▶ [Supplied records]:

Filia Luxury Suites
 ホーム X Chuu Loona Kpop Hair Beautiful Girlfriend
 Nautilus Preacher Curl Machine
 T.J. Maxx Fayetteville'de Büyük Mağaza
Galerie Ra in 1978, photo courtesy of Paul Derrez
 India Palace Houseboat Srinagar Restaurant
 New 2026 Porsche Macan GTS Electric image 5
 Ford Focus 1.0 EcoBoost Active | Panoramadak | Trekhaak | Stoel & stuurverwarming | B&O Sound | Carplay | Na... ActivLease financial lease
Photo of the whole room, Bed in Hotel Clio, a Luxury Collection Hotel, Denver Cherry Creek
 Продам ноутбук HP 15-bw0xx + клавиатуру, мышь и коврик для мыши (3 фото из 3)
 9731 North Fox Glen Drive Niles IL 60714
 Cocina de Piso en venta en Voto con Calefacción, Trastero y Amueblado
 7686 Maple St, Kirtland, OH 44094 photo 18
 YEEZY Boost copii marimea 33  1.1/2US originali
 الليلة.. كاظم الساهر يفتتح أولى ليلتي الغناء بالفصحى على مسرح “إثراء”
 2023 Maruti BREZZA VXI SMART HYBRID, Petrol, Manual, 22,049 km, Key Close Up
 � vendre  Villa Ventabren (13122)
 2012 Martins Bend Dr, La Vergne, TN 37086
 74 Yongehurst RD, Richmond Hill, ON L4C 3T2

▶ [Task brief]:
Print, without alteration, only the lines above between the one holding "ホーム X Chuu Loona" and the one holding "New 2026 Porsche Macan GTS Electric image 5", inclusive.

▶ [Answer box]:
 ホーム X Chuu Loona Kpop Hair Beautiful Girlfriend
 Nautilus Preacher Curl Machine
 T.J. Maxx Fayetteville'de Büyük Mağaza
Galerie Ra in 1978, photo courtesy of Paul Derrez
 India Palace Houseboat Srinagar Restaurant
 New 2026 Porsche Macan GTS Electric image 5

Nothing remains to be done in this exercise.